Environmental scientist Veronica Okello develops sustainable approaches for cleaning heavy metals.Photo credit: Esther Sweeney for nature

Voices from Africa

Some Kenyans tend to equate calm with being nice, says analytical environmental chemist Veronica Okello of Kenya‘s Machakos University. She urges young researchers to be less shy about speaking out and reaching out to their professors for career opportunities. In this seventh of eight articles detailing the career experiences of African women in science, Okello describes how the support of family members enabled her to study abroad and how she nurtures the networks she forged abroad to to promote cooperation.

I was a part-time lecturer at Masinde Muliro University of Science and Technology in Kakamega, Kenya when I was offered a PhD scholarship at Binghamton University in New York in 2008. At this point I was married with two boys aged 3 and 5.

My husband and late mother were so supportive. They said, “You go. We will help you.” Every summer my husband would come to the United States with the children, and every Christmas he would send me a ticket to visit home. He sent money for my car and my apartment and called every day: when it was 7 p.m., my fellow students knew who was calling when my phone rang. I returned to Kenya in December 2014 and became a lecturer at Machakos University in February 2015. I teach analytical and environmental chemistry and the fundamentals of nanotechnology to undergraduate and graduate students. I started the Go Green Chemistry Club for students; Club members plant trees and conduct environmental cleanup and science projects.

My research focuses on developing eco-friendly, sustainable approaches to cleaning up heavy metals like chromium, arsenic and lead that pollute the environment. For example, chromium-6 is a carcinogen, but chromium-3 is benign, so we are looking for environmentally friendly compounds that can reduce chromium-6 to chromium-3.

Doing research after returning to Kenya was a challenge. During my doctoral studies I had many more publications on my CV than afterwards. But working together has worked wonders. I have relied on my US network to help me win six grants to properly equip our lab from the ground up. Working with established professors here and at other universities in Kenya has also helped me. A group of lecturers hired at my university between 2015 and 2018 write grants together to buy equipment for research and teaching.

I say to young female researchers in Kenya that there are many opportunities – but you have to get out of your comfort zone and look for them. They won’t come to you. You gotta put the work in.

I often see people who grew up in Kenya being shy and afraid to approach their professors. They think it’s nice to be quiet. But my advice to young researchers is to be a big personality and speak respectfully and express your opinions. Turning to professors for opportunities is one way to be on the right track. And as soon as an opportunity presents itself, grab it and run with it.

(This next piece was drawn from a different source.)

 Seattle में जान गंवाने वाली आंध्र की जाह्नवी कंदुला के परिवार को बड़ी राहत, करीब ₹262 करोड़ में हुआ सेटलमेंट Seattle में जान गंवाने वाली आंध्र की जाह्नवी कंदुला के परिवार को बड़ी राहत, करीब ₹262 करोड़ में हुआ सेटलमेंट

Young women who have already started their families face great challenges. I advise these women to check whether their spouses can support them with further studies – not necessarily abroad, but perhaps in their own country.

Once young researchers have a university position, they should identify someone at their institution as their mentor. For me, this was Zachary Getenga, an analytical chemist who has consistently guided me in writing grant proposals. He’s watching over me. I’m in my eighth year as an instructor and should have been promoted by now. But in our funding system, single-author work counts for more than grants or multi-author publications. I feel so demotivated by this. But he tells me to keep going to build my profile.

The political bodies of Kenyan universities are typically male-dominated. If I sat on one of these committees, I would change the promotions policy to award points to people who bring scholarships and equipment to the university. I brought over $28,000 worth of analyzers, including an electrochemical analyzer – that’s a great service to the university!

As a woman in science, time is the most limiting factor we have. Writing scholarships requires a great deal of time and effort that rivals my teaching, administrative meetings, and time with family. I’m trying to organize my own time – that’s why I’m doing this interview on Zoom from my car. You have to create the time when you want to thrive.

This interview has been edited for length and clarity.